### WORK INSTRUCTION
Word for word, reproduce each entry.

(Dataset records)
===

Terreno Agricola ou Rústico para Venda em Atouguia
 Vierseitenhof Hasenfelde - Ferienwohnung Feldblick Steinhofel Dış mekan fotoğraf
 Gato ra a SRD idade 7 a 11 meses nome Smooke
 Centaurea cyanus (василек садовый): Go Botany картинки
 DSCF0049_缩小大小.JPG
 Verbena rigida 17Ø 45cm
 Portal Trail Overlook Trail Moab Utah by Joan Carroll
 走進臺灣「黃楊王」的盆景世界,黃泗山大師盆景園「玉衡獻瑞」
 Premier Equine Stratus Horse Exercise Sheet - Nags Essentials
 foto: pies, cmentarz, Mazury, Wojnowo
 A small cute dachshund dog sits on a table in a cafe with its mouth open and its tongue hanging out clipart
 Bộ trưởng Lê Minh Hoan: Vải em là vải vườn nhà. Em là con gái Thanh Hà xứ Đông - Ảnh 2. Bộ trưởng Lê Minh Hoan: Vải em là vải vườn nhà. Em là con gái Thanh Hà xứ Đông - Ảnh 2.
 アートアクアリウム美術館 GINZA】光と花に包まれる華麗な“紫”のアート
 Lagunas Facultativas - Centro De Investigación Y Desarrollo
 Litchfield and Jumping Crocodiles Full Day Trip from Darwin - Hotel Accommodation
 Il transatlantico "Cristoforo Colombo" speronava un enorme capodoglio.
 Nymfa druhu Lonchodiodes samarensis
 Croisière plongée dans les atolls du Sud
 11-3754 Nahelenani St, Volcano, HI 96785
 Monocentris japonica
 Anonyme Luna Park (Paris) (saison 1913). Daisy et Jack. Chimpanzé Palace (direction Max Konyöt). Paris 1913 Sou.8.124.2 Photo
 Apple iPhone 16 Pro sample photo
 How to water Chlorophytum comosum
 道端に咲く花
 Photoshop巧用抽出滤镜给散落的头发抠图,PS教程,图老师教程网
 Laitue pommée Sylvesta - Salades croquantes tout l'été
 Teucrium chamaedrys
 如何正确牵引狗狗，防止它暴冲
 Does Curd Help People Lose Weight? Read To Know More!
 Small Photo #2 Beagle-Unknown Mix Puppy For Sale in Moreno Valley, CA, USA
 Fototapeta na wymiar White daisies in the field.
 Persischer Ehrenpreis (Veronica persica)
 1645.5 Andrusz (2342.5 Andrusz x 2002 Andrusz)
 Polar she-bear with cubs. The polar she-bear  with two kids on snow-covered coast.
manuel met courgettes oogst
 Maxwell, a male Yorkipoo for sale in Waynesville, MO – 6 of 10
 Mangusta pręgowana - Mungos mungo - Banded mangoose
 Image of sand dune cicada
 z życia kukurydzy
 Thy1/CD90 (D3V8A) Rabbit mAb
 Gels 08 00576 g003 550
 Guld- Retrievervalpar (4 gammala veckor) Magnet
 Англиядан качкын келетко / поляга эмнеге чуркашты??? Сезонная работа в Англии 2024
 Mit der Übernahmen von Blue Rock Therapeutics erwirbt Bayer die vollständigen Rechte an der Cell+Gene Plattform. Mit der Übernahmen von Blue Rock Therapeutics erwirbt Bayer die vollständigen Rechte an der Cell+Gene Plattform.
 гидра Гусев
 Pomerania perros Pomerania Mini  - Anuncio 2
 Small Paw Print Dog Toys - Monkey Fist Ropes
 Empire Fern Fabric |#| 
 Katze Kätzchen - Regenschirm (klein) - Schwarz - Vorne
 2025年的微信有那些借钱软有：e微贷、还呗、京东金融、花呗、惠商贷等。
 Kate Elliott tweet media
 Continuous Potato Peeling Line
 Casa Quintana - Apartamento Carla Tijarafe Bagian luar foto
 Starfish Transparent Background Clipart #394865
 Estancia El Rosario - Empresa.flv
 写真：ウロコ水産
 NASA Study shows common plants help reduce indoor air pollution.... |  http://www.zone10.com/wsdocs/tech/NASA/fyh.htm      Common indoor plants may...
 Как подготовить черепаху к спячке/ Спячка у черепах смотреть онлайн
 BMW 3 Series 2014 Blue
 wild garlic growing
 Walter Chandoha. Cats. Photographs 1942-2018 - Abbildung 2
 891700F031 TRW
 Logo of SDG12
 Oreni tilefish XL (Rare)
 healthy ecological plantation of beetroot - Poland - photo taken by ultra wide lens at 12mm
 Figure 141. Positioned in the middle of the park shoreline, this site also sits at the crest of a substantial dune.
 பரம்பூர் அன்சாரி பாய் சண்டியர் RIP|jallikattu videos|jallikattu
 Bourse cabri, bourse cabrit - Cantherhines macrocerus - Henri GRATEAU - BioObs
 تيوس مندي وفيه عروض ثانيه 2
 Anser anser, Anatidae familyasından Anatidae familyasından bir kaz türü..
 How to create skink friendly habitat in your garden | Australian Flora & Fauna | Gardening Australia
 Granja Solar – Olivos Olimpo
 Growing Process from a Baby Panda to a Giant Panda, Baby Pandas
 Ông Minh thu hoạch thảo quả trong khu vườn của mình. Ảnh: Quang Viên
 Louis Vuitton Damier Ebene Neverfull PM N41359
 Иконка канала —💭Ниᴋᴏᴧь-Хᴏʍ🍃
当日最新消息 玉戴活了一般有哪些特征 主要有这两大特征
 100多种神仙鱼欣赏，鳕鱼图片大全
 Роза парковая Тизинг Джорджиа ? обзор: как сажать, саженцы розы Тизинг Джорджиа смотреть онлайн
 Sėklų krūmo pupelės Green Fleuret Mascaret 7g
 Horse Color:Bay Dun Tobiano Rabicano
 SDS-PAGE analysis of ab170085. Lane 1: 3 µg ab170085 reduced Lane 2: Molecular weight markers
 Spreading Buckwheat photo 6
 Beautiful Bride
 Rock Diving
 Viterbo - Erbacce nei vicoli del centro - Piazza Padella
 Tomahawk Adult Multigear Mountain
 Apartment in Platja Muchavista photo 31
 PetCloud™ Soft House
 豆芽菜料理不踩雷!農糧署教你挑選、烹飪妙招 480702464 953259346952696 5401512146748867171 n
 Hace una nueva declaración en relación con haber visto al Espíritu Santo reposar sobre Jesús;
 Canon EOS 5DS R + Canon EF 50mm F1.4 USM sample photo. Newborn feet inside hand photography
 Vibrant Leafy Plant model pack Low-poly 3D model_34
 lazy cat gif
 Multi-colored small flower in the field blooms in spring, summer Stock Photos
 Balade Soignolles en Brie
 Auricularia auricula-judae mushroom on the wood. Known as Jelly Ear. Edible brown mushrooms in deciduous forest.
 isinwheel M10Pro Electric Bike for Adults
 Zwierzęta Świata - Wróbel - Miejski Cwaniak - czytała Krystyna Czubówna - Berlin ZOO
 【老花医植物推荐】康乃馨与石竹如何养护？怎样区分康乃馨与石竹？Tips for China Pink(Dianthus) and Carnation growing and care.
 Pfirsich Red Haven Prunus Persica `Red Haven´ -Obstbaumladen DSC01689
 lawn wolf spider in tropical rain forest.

===

### COMPLETED TASK
Terreno Agricola ou Rústico para Venda em Atouguia
 Vierseitenhof Hasenfelde - Ferienwohnung Feldblick Steinhofel Dış mekan fotoğraf
 Gato ra a SRD idade 7 a 11 meses nome Smooke
 Centaurea cyanus (василек садовый): Go Botany картинки
 DSCF0049_缩小大小.JPG
 Verbena rigida 17Ø 45cm
 Portal Trail Overlook Trail Moab Utah by Joan Carroll
 走進臺灣「黃楊王」的盆景世界,黃泗山大師盆景園「玉衡獻瑞」
 Premier Equine Stratus Horse Exercise Sheet - Nags Essentials
 foto: pies, cmentarz, Mazury, Wojnowo
 A small cute dachshund dog sits on a table in a cafe with its mouth open and its tongue hanging out clipart
 Bộ trưởng Lê Minh Hoan: Vải em là vải vườn nhà. Em là con gái Thanh Hà xứ Đông - Ảnh 2. Bộ trưởng Lê Minh Hoan: Vải em là vải vườn nhà. Em là con gái Thanh Hà xứ Đông - Ảnh 2.
 アートアクアリウム美術館 GINZA】光と花に包まれる華麗な“紫”のアート
 Lagunas Facultativas - Centro De Investigación Y Desarrollo
 Litchfield and Jumping Crocodiles Full Day Trip from Darwin - Hotel Accommodation
 Il transatlantico "Cristoforo Colombo" speronava un enorme capodoglio.
 Nymfa druhu Lonchodiodes samarensis
 Croisière plongée dans les atolls du Sud
 11-3754 Nahelenani St, Volcano, HI 96785
 Monocentris japonica
 Anonyme Luna Park (Paris) (saison 1913). Daisy et Jack. Chimpanzé Palace (direction Max Konyöt). Paris 1913 Sou.8.124.2 Photo
 Apple iPhone 16 Pro sample photo
 How to water Chlorophytum comosum
 道端に咲く花
 Photoshop巧用抽出滤镜给散落的头发抠图,PS教程,图老师教程网
 Laitue pommée Sylvesta - Salades croquantes tout l'été
 Teucrium chamaedrys
 如何正确牵引狗狗，防止它暴冲
 Does Curd Help People Lose Weight? Read To Know More!
 Small Photo #2 Beagle-Unknown Mix Puppy For Sale in Moreno Valley, CA, USA
 Fototapeta na wymiar White daisies in the field.
 Persischer Ehrenpreis (Veronica persica)
 1645.5 Andrusz (2342.5 Andrusz x 2002 Andrusz)
 Polar she-bear with cubs. The polar she-bear  with two kids on snow-covered coast.
manuel met courgettes oogst
 Maxwell, a male Yorkipoo for sale in Waynesville, MO – 6 of 10
 Mangusta pręgowana - Mungos mungo - Banded mangoose
 Image of sand dune cicada
 z życia kukurydzy
 Thy1/CD90 (D3V8A) Rabbit mAb
 Gels 08 00576 g003 550
 Guld- Retrievervalpar (4 gammala veckor) Magnet
 Англиядан качкын келетко / поляга эмнеге чуркашты??? Сезонная работа в Англии 2024
 Mit der Übernahmen von Blue Rock Therapeutics erwirbt Bayer die vollständigen Rechte an der Cell+Gene Plattform. Mit der Übernahmen von Blue Rock Therapeutics erwirbt Bayer die vollständigen Rechte an der Cell+Gene Plattform.
 гидра Гусев
 Pomerania perros Pomerania Mini  - Anuncio 2
 Small Paw Print Dog Toys - Monkey Fist Ropes
 Empire Fern Fabric |#| 
 Katze Kätzchen - Regenschirm (klein) - Schwarz - Vorne
 2025年的微信有那些借钱软有：e微贷、还呗、京东金融、花呗、惠商贷等。
 Kate Elliott tweet media
 Continuous Potato Peeling Line
 Casa Quintana - Apartamento Carla Tijarafe Bagian luar foto
 Starfish Transparent Background Clipart #394865
 Estancia El Rosario - Empresa.flv
 写真：ウロコ水産
 NASA Study shows common plants help reduce indoor air pollution.... |  http://www.zone10.com/wsdocs/tech/NASA/fyh.htm      Common indoor plants may...
 Как подготовить черепаху к спячке/ Спячка у черепах смотреть онлайн
 BMW 3 Series 2014 Blue
 wild garlic growing
 Walter Chandoha. Cats. Photographs 1942-2018 - Abbildung 2
 891700F031 TRW
 Logo of SDG12
 Oreni tilefish XL (Rare)
 healthy ecological plantation of beetroot - Poland - photo taken by ultra wide lens at 12mm
 Figure 141. Positioned in the middle of the park shoreline, this site also sits at the crest of a substantial dune.
 பரம்பூர் அன்சாரி பாய் சண்டியர் RIP|jallikattu videos|jallikattu
 Bourse cabri, bourse cabrit - Cantherhines macrocerus - Henri GRATEAU - BioObs
 تيوس مندي وفيه عروض ثانيه 2
 Anser anser, Anatidae familyasından Anatidae familyasından bir kaz türü..
 How to create skink friendly habitat in your garden | Australian Flora & Fauna | Gardening Australia
 Granja Solar – Olivos Olimpo
 Growing Process from a Baby Panda to a Giant Panda, Baby Pandas
 Ông Minh thu hoạch thảo quả trong khu vườn của mình. Ảnh: Quang Viên
 Louis Vuitton Damier Ebene Neverfull PM N41359
 Иконка канала —💭Ниᴋᴏᴧь-Хᴏʍ🍃
当日最新消息 玉戴活了一般有哪些特征 主要有这两大特征
 100多种神仙鱼欣赏，鳕鱼图片大全
 Роза парковая Тизинг Джорджиа ? обзор: как сажать, саженцы розы Тизинг Джорджиа смотреть онлайн
 Sėklų krūmo pupelės Green Fleuret Mascaret 7g
 Horse Color:Bay Dun Tobiano Rabicano
 SDS-PAGE analysis of ab170085. Lane 1: 3 µg ab170085 reduced Lane 2: Molecular weight markers
 Spreading Buckwheat photo 6
 Beautiful Bride
 Rock Diving
 Viterbo - Erbacce nei vicoli del centro - Piazza Padella
 Tomahawk Adult Multigear Mountain
 Apartment in Platja Muchavista photo 31
 PetCloud™ Soft House
 豆芽菜料理不踩雷!農糧署教你挑選、烹飪妙招 480702464 953259346952696 5401512146748867171 n
 Hace una nueva declaración en relación con haber visto al Espíritu Santo reposar sobre Jesús;
 Canon EOS 5DS R + Canon EF 50mm F1.4 USM sample photo. Newborn feet inside hand photography
 Vibrant Leafy Plant model pack Low-poly 3D model_34
 lazy cat gif
 Multi-colored small flower in the field blooms in spring, summer Stock Photos
 Balade Soignolles en Brie
 Auricularia auricula-judae mushroom on the wood. Known as Jelly Ear. Edible brown mushrooms in deciduous forest.
 isinwheel M10Pro Electric Bike for Adults
 Zwierzęta Świata - Wróbel - Miejski Cwaniak - czytała Krystyna Czubówna - Berlin ZOO
 【老花医植物推荐】康乃馨与石竹如何养护？怎样区分康乃馨与石竹？Tips for China Pink(Dianthus) and Carnation growing and care.
 Pfirsich Red Haven Prunus Persica `Red Haven´ -Obstbaumladen DSC01689
 lawn wolf spider in tropical rain forest.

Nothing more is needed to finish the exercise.